Since been released by Inverness, Sky Sports reports that Odhiambo is being tracked by number of clubs south of the border with an unnamed League One club

===Denizlispor===
In July, Odhiambo then signed for Turkish side Denizlispor on a three-year deal After the move, Odhiambo says his challenge to make an impact, like Kenny Miller. Having made five appearances by coming on as a substitute in the second half, Odhiambo scored his first goal, as Denizlispor lose 5–2 against Bucaspor on 15 October 2011. On 25 March 2012, Odhiambo received a red card – for the first time in his Turkish career – after a second bookable offence, in a 1–1 draw against Karşıyaka.

The next season, Odhiambo provided assist for Yasin Görkem Arslan – in a 1–0 win over Gaziantep Büyükşehir Belediyespor on 3 September 2012 and several weeks later on 23 September 2012, Odhiambo scored his second goal for the club – in a 4–3 loss against Tavşanlı. Several months later, Odhiambo soon find himself left out of the first team after a contract dispute with the club. Soon after, Odhiambo went on trial with League Two side Torquay United. However, the move had no avail.

===Hereford===
On 19 September 2013, Hereford signed Odhiambo subject to international clearance. During his time at Edgar Street, his opportunities were limited as he made only seven appearances, scoring one goal against Dartford.

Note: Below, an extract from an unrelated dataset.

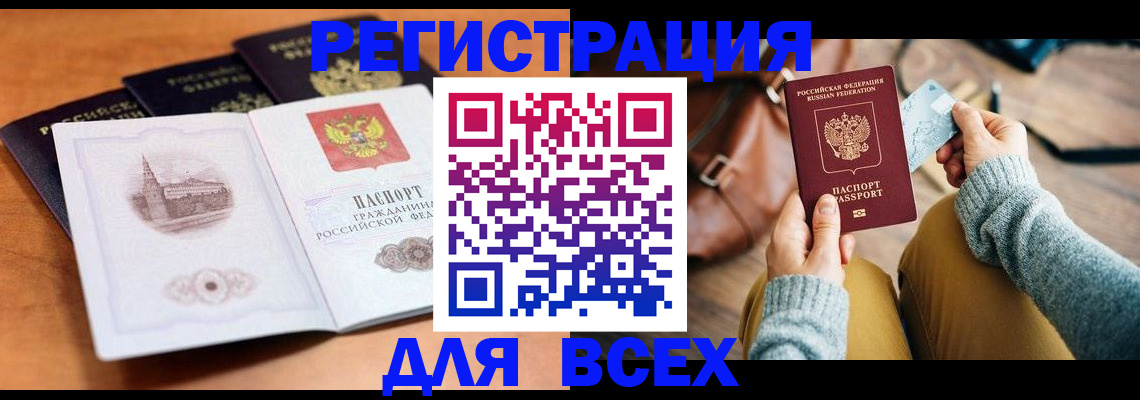 прописка 2025 в Уржуме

He left Edgar Street on 7 January 2014 following the expiration of his contract.

===Sligo Rovers===
After leaving Hereford, Odhiambo signed for League of Ireland side Sligo Rovers, based in County Sligo, Ireland.
On 24 February 2014, Odhiambo scored a hat-trick on his debut against Crusaders in the 2014 Setanta Sports Cup.

===Kidlington===
After leaving Sligo Rovers, Odhiambo signed for Uhlsport Hellenic Premier Division side Kidlington, based in Oxfordshire, England. Odhiambo signed for Kidlington in August 2015 where he was a member of the side that won the Uhlsport Hellenic Premier Division title 2015–16 season, thus earning promotion to the Southern Football League Division One Central.